■ Given entries

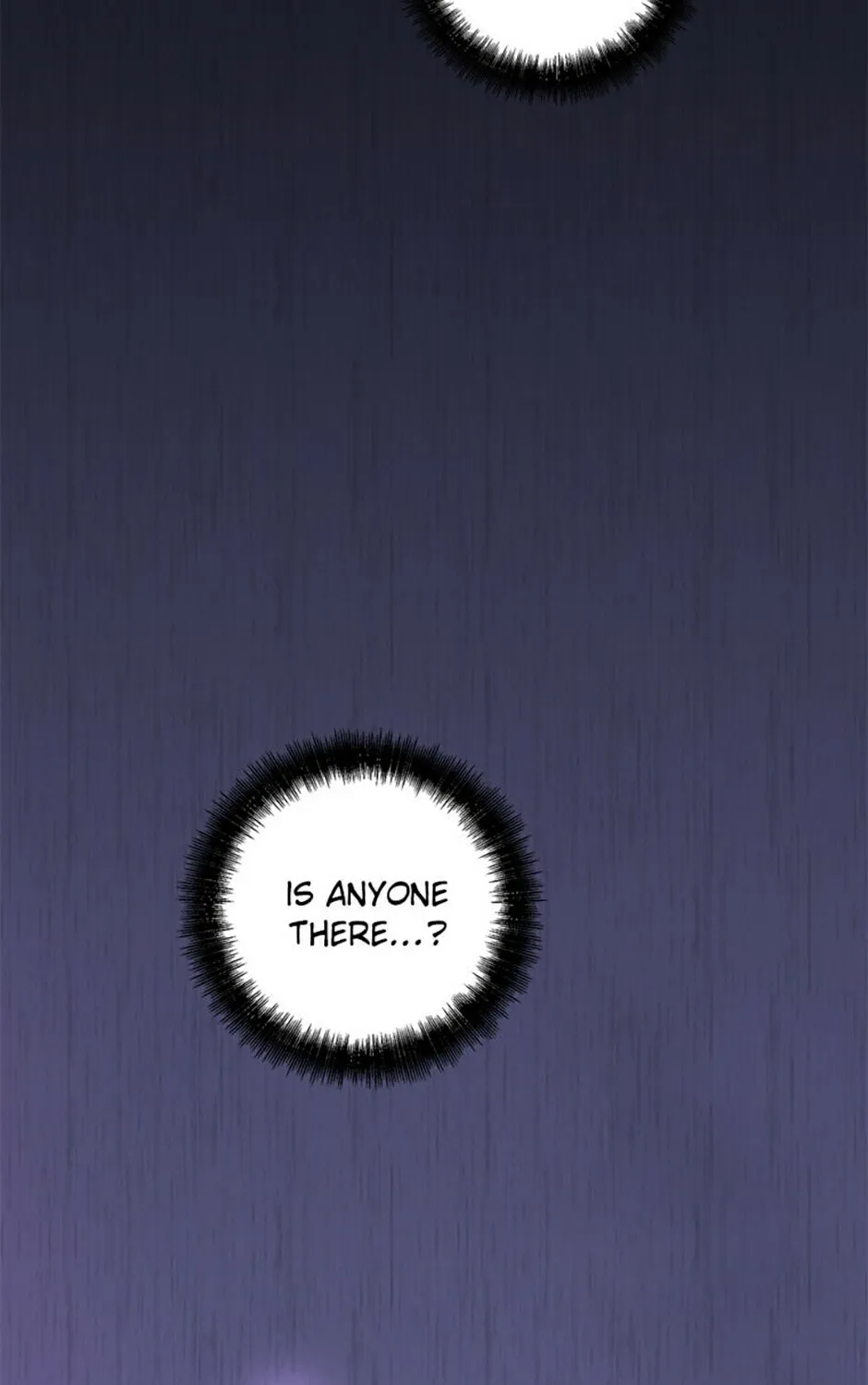 Read Cursed Manager’s Regression chapter 54 image 2 on Lezhin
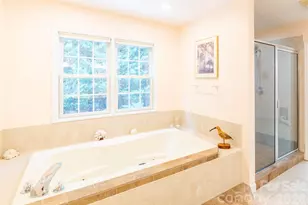 506 Brook Knoll Cir, Weaverville, NC 28787 - Photo 19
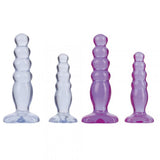 n8940-doc_johnson_crystal_jellies_anal_trainer_kit.jpg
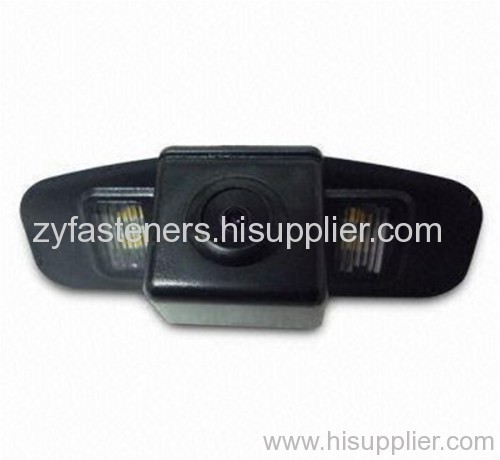 Car Camera / Car Rear View Camera for Honda Spirior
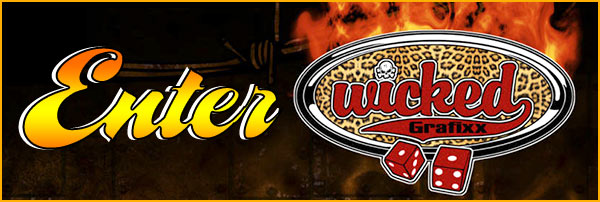 Enter Wicked Grafixx The Baddest Drag Racing And Custom T Shirts There Is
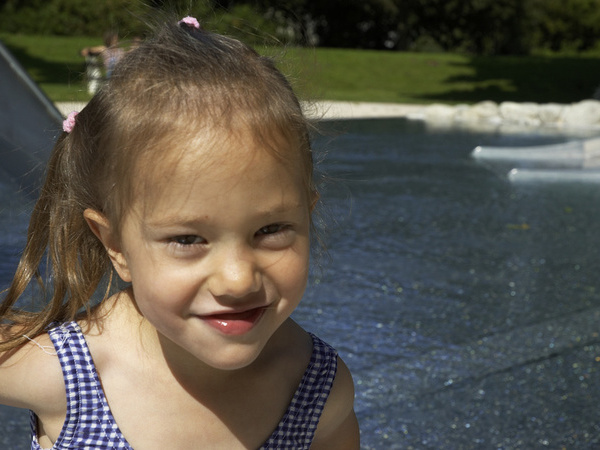 Bildnachweis: Mit freundlicher Genehmigung der Karlsruher Bädergesellschaft mbH Bildnachweis: Mit freundlicher Genehmigung der Karlsruher Bädergesellschaft mbH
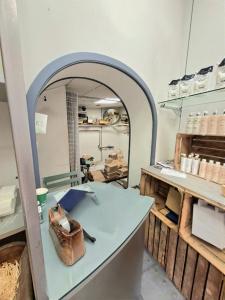 Acheter Commerce Chambery 31000 euros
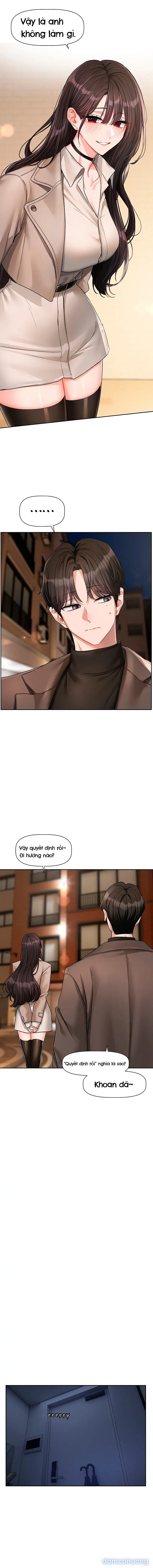 Nhiệm Vụ Tình Yêu - Love Quest 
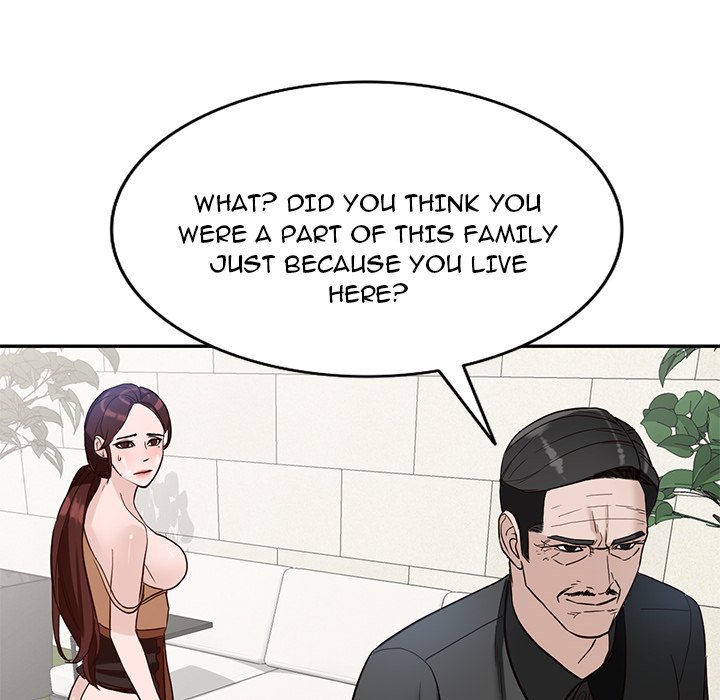 House of Pleasure Chapter 48 image 106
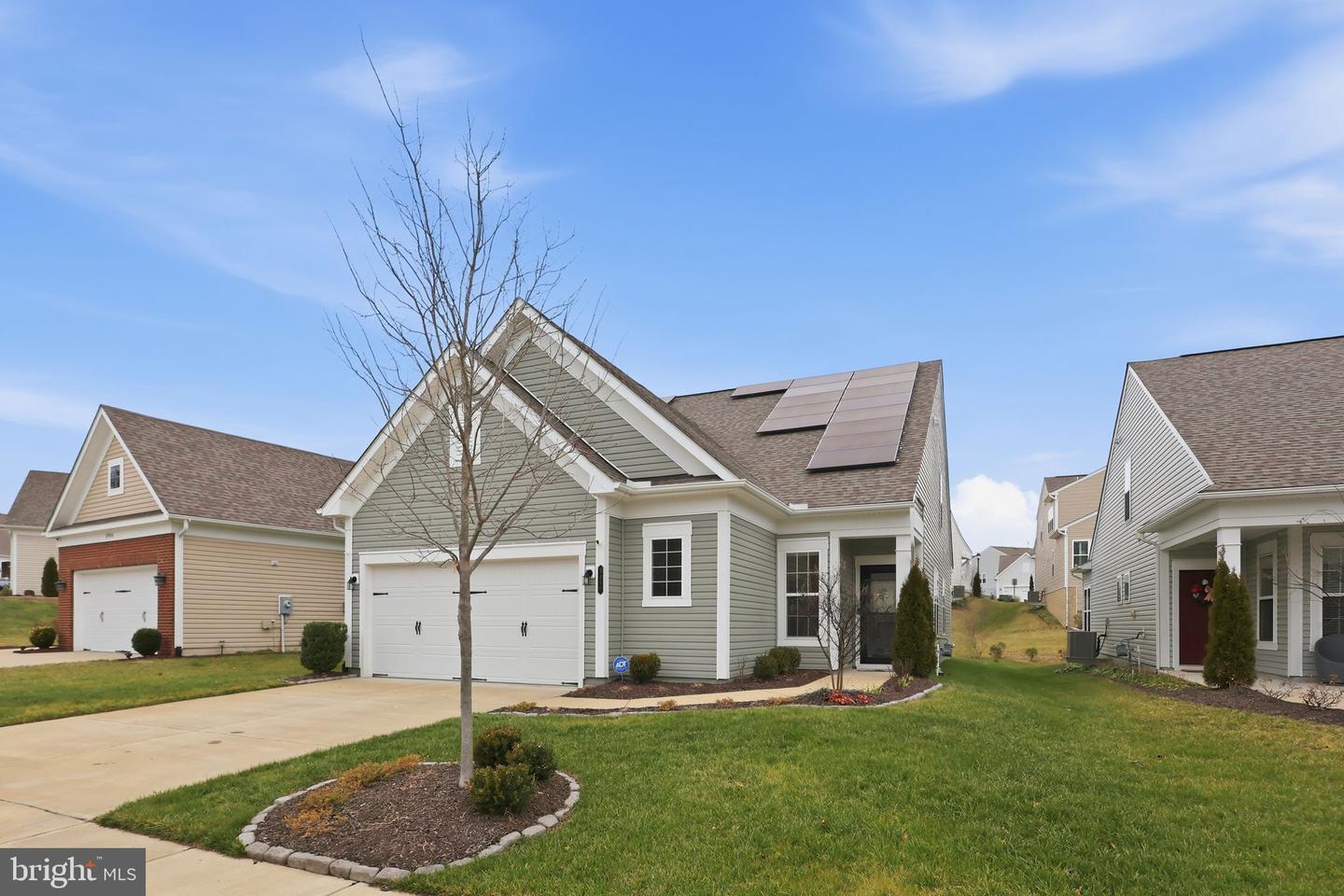 5950 AVERY POINT DR, FREDERICKSBURG, Virginia 22406, 3 Bedrooms Bedrooms, ,3 BathroomsBathrooms,Residential,For sale,5950 AVERY POINT DR,VAST2046552 MLS # VAST2046552 5950 AVERY POINT DR, FREDERICKSBURG, Virginia 22406, 3 Bedrooms Bedrooms, ,3 BathroomsBathrooms,Residential,For sale,5950 AVERY POINT DR,VAST2046552 MLS # VAST2046552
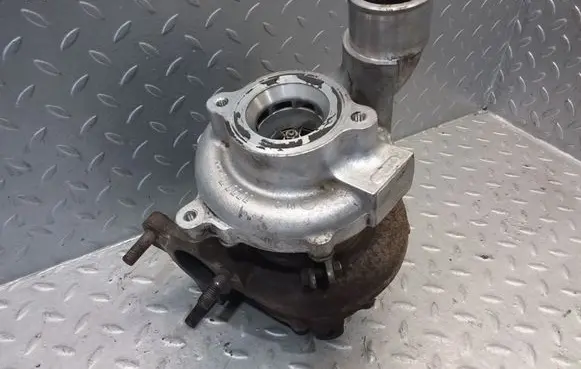 Lexus IS 220D-250-350 Turbo 1720126010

■ Required work
Copy all of the records verbatim, omitting the pictures.

■ Output
 Read Cursed Manager’s Regression chapter 54 image 2 on Lezhin
 506 Brook Knoll Cir, Weaverville, NC 28787 - Photo 19
 n8940-doc_johnson_crystal_jellies_anal_trainer_kit.jpg
 Car Camera / Car Rear View Camera for Honda Spirior
 Enter Wicked Grafixx The Baddest Drag Racing And Custom T Shirts There Is
 Bildnachweis: Mit freundlicher Genehmigung der Karlsruher Bädergesellschaft mbH Bildnachweis: Mit freundlicher Genehmigung der Karlsruher Bädergesellschaft mbH
 Acheter Commerce Chambery 31000 euros
 Nhiệm Vụ Tình Yêu - Love Quest 
 House of Pleasure Chapter 48 image 106
 5950 AVERY POINT DR, FREDERICKSBURG, Virginia 22406, 3 Bedrooms Bedrooms, ,3 BathroomsBathrooms,Residential,For sale,5950 AVERY POINT DR,VAST2046552 MLS # VAST2046552 5950 AVERY POINT DR, FREDERICKSBURG, Virginia 22406, 3 Bedrooms Bedrooms, ,3 BathroomsBathrooms,Residential,For sale,5950 AVERY POINT DR,VAST2046552 MLS # VAST2046552
 Lexus IS 220D-250-350 Turbo 1720126010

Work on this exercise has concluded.